Как будто не к этому стремилась в конечном счете и страсть Мут-эм-энет, прекрасной Мутэмане! Мысль, что ее ноги, дрожавшие и не стоявшие на месте, когда она была с Иосифом, могут покойно прижаться к его ногам, – именно это представление глубоко потрясло и даже воодушевило ее, и то, что Ме-эн-Уазехт облекла его в слова так непосредственно, не зная и малой доли сомнений Мут, это способствовало внутреннему смягчению Эни, признаком которого были уже ее откровенные беседы с обеими женщинами, и она стала теперь выказывать свою слабость юному управляющему в речах и поступках.
Что касается поступков, то это были иносказательные действия ребяческого и, в сущности, трогательного характера, знаки внимания госпожи к рабу, сложную символику которых ему было не так-то легко увидеть в правильном свете. Однажды, например, – а после этого первого раза и часто – она вела с ним хозяйственную беседу в богатой азиатской одежде, с великим старанием сшитой рабыней-портнихой Хети из ткани, купленной в лавке какого-то бородатого сирийца в городе живых. Этот наряд отличался чуждой египетскому платью пестротой, он представлял собой два вышитых, переплетающихся шерстяных полотнища, красное и синее, и, украшенный, кроме вышивки, цветной оторочкой по всем краям, казался очень пышным и диковинным. Плечи были покрыты подлинно азиатскими замычками, а поверх головной повязки, тоже пестрой и вышитой, именовавшейся на родине этой моды санип, на Эни было обязательное прозрачное покрывало, ниспадавшее к бедрам и ниже. Так одетая, она глядела навстречу Иосифу расширенными не только свинцовым блеском, но и лукавой робостью ожиданья глазами.
– Какой у тебя странный и ослепительный вид, высокая госпожа, – сказал он со смущенной улыбкой, ибо не знал, как истолковать это новшество.
– Странный? – спросила она, тоже с улыбкой, улыбкой натянутой, нежной и растерянной. – По-моему, мой вид должен показаться тебе скорее знакомым, ибо в этом платье, – если ты имеешь в виду мой наряд, который я сегодня разнообразия ради надела, – я, наверно, похожа на дочерей твоей страны.
– Да, мне знакомы, – ответил он с опущенными глазами, – и платье, и покрой платья, но мне немного странно видеть его на тебе.
– Не находишь ли ты, что оно мне идет и красит меня? – спросила она с нерешительным вызовом.
– Еще не соткано, – сдержанно отвечал он, – такое сукно, еще не скроено такое платье, которое, будь это даже волосяной мешок, не служило бы твоей красоте, моя повелительница.

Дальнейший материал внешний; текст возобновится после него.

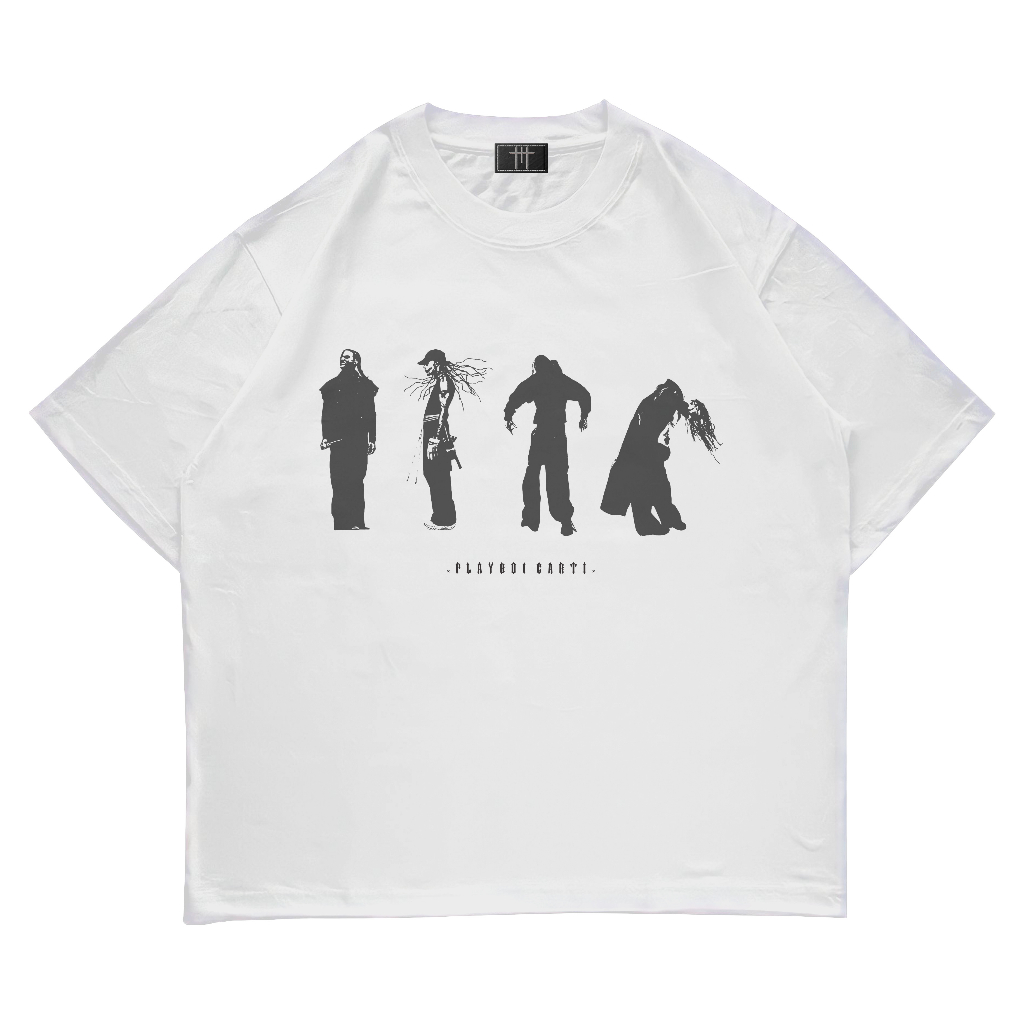 Megablast - PLAYBOI CARTI MOMENTO T SHIRT OVERSIZE COMBED 24S ผู ้ ชายผู ้ หญิง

– Ну, если безразлично, что́ я ношу, – возразила она, – то, значит, я напрасно старалась. Я надела это платье в честь твоего прихода и чтобы достойно ответить тебе. Ведь ты, юноша из Ретену, носишь у нас египетскую одежду, подчиняясь нашему обычаю. Вот я и решила не отставать от тебя и встретить тебя в одежде твоих матерей. Так мы обменялись платьем, обменялись по-праздничному. Ведь есть в этом какая-то исконная праздничность, когда мужчины надевают женскую, а женщины мужскую одежду и разница между ними вдруг исчезает.
– Позволь мне заметить, – ответил он, – что этот обычай и этот обряд не кажется мне таким уж родным и близким. В нем есть какая-то исступленность, какое-то неблагочестие, а это отнюдь не обрадовало бы моих отцов.
– Значит, я ошиблась, – сказала она. – Что нового в доме?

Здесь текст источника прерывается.